This is a common problem in file parsing. Commonly, you read the known part of the descriptor (which luckily is fixed-length in this case, but isn't always), and branch it there. Generally I use a strategy pattern here, since I generally expect the system to be broadly flexible - but a straight switch or factory may work as well.
The other question is: do you control and trust the downstream code? Meaning: the factory / strategy implementation? If you do, then you can just give them the stream and the number of bytes you expect them to consume (perhaps putting some debug assertions in place, to verify that they do read exactly the right amount).

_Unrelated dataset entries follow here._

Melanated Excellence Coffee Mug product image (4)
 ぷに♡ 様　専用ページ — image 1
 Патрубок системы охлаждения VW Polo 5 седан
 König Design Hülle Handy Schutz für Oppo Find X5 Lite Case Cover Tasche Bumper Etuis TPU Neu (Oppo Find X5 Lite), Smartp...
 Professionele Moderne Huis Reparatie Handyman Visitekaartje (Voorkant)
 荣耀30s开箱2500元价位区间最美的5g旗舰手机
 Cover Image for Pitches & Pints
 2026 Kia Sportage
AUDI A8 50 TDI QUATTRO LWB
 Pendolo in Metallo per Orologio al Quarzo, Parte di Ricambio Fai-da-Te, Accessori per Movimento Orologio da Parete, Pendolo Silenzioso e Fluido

If you can't trust the factory/strategy implementation (perhaps you allow the user-code to use custom deserializers), then I would construct a wrapper on top of the stream (example: SubStream
from protobuf-net), that only allows the expected number of bytes to be consumed (reporting EOF afterwards), and doesn't allow seek/etc operations outside of this block. I would also have runtime checks (even in release builds) that enough data has been consumed - but in this case I would probably just read past any unread data - i.e. if we expected the downstream code to consume 20 bytes, but it only read 12, then skip the next 8 and read our next descriptor.
To expand on that; one strategy design here might have something like:
interface ISerializer {
object Deserialize(Stream source, int bytes);
void Serialize(Stream destination, object value);
}
You might build a dictionary (or just a list if the number is small) of such serializers per expected markers, and resolve your serializer, then invoke the Deserialize
method. If you don't recognise the marker, then (one of):
- skip the given number of bytes
- throw an error
- store the extra bytes in a buffer somewhere (allowing for round-trip of unexpected data)
As a side-note to the above - this approach (strategy) is useful if the system is determined at runtime, either via reflection or via a runtime DSL (etc). If the system is entirely predictable at compile-time (because it doesn't change, or because you are using code-generation), then a straight switch
approach may be more appropriate - and you probably don't need any extra interfaces, since you can inject the appropriate code directly.